Dall’Elenco Finale delle Proposizioni del Sinodo dei Vescovi per l'Africa (23 ottobre 2009):

Le donne in Africa offrono un grande contributo alla famiglia, alla società e alla Chiesa con i loro molti talenti e capacità. Tuttavia non solo la loro dignità e apporto non vengono pienamente riconosciuti e apprezzati, ma i loro stessi diritti sono spesso negati. Nonostante il grande progresso fatto nell’educazione e nella promozione delle donne in alcune nazioni dell’Africa, la formazione delle giovani e delle donne è spesso sproporzionata rispetto a quella dei giovani e degli uomini; ragazze e donne generalmente sono trattate ingiustamente.
I Padri sinodali condannano tutti gli atti di violenza contro le donne... i maltrattamenti alle mogli, la privazione dell’eredità alle figlie, l’oppressione delle vedove in nome della tradizione, i matrimoni forzati, la mutilazione genitale alle donne, il traffico delle donne e tanti altri abusi come la schiavitù sessuale ed il turismo sessuale. Sono ugualmente condannati tutti gli altri atti disumani ed ingiusti contro le donne.

Un tempo prerogativa degli uomini, la diaspora africana, sia essa forzata o volontaria, sta diventando un fenomeno prevalentemente “al femminile”. Colf, badanti, operaie, impiegate in posti di basso livello e in ambito domestico nella maggior parte dei casi; insegnanti, infermiere, cooperanti nelle situazioni più fortunate.

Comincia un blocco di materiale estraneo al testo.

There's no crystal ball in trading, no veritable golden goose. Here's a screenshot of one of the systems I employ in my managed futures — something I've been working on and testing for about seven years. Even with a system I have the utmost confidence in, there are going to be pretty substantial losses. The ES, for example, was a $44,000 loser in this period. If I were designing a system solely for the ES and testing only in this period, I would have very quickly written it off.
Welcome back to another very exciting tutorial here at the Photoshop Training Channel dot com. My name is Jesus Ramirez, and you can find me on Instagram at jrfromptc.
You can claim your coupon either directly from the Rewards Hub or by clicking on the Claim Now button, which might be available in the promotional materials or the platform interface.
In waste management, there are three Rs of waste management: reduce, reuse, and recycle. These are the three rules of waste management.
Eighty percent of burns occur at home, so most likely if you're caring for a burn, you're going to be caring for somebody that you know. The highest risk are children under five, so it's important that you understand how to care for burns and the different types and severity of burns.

Se “lo spostamento di persone” in generale è accompagnato da non poche difficoltà, specialmente dal punto di vista delle relazioni affettive e sociali, nel caso delle donne alcune problematiche si sommano a situazioni già di per sé delicate. Come noto, le donne immigrate vivono un doppio livello di esclusione sociale (in quanto straniere e perché donne) e subiscono frequenti violazioni dei propri diritti fondamentali, il che le rende certamente più vulnerabili degli uomini.
Anche durante “i viaggi della speranza”, ovvero prima di arrivare nel Paese di accoglienza, sono esposte a pericoli di varia natura. Si conta che oltre quattro milioni di donne nel mondo finiscono preda dei circuiti di sfruttamento sessuale, e non a caso la tratta delle donne finalizzata alla prostituzione rappresenta la terza attività illecita più remunerativa al mondo, dopo il commercio di armi e droga.
Inoltre, non va dimenticato lo spazio privilegiato che nella vita di una donna ricopre la dimensione familiare e la crescita dei figli, senz’altro compromessa dalla partenza di uno o entrambi i genitori.

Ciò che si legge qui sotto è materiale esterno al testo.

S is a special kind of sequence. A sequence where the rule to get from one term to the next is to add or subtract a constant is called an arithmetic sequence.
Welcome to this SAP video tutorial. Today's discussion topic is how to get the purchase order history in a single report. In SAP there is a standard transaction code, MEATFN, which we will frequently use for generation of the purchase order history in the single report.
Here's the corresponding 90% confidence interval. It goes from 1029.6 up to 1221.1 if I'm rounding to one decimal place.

Da qui, la necessità di riflettere su questa triste realtà, impegnandosi nella ricerca di risposte etiche alle sfide che la migrazione femminile pone. Proprio in questa prospettiva si inserisce il Convegno da poco organizzato a Saly, in Senegal, dalla Caritas Internationalis: “Il volto femminile delle donne”.
Dalla Chiesa è venuto un invito affinché i governi assumano politiche di tutela dei diritti delle donne straniere – in molti Stati assenti o solo sulla carta - e strategie mirate alla valorizzazione del contributo specifico che dalle migranti può venire, diverso e distinto dall’apporto della diaspora maschile. In linea con il protagonismo delle comunità africane in diaspora nello sviluppo del continente, ancora poco riconosciuto ma crescente, sempre più le donne migranti fanno sentire la propria voce in ambito decisionale e amministrativo, nella cooperazione intellettuale come nella promozione della pace e dell’integrazione culturale.
Molte donne ricoprono oggi ruoli decisionali anche nei Paesi di accoglienza, ad esempio in ambiente associativo e nella piccola imprenditoria, e aiutano spesso le compatriote rimaste a casa a conquistare maggiori spazi di autonomia. In certi casi, ancora pochi, donne di origine straniera riescono a distinguono poi in contesti pubblici, portando alla vita politico-sociale importanti contributi provenienti dalla propria cultura d’origine.

Per riprendere un paragone usato da mons. Vegliò che ben esprime l’essenza e il valore della migrazione femminile, “Come Maria è madre della Chiesa, le donne in diaspora sono madri di tutta la famiglia dei migranti, guide sul cammino del progresso umano”. L’insufficiente possibilità concreta di partecipazione sociale, politica e culturale che la società civile garantisce oggi alla donna – ha concluso mons. Vegliò – si ripercuote anche sulle nostre comunità cristiane, chiamate perciò a valorizzare prima di tutto i valori di riferimento, il vissuto quotidiano e la cultura della donna immigrata.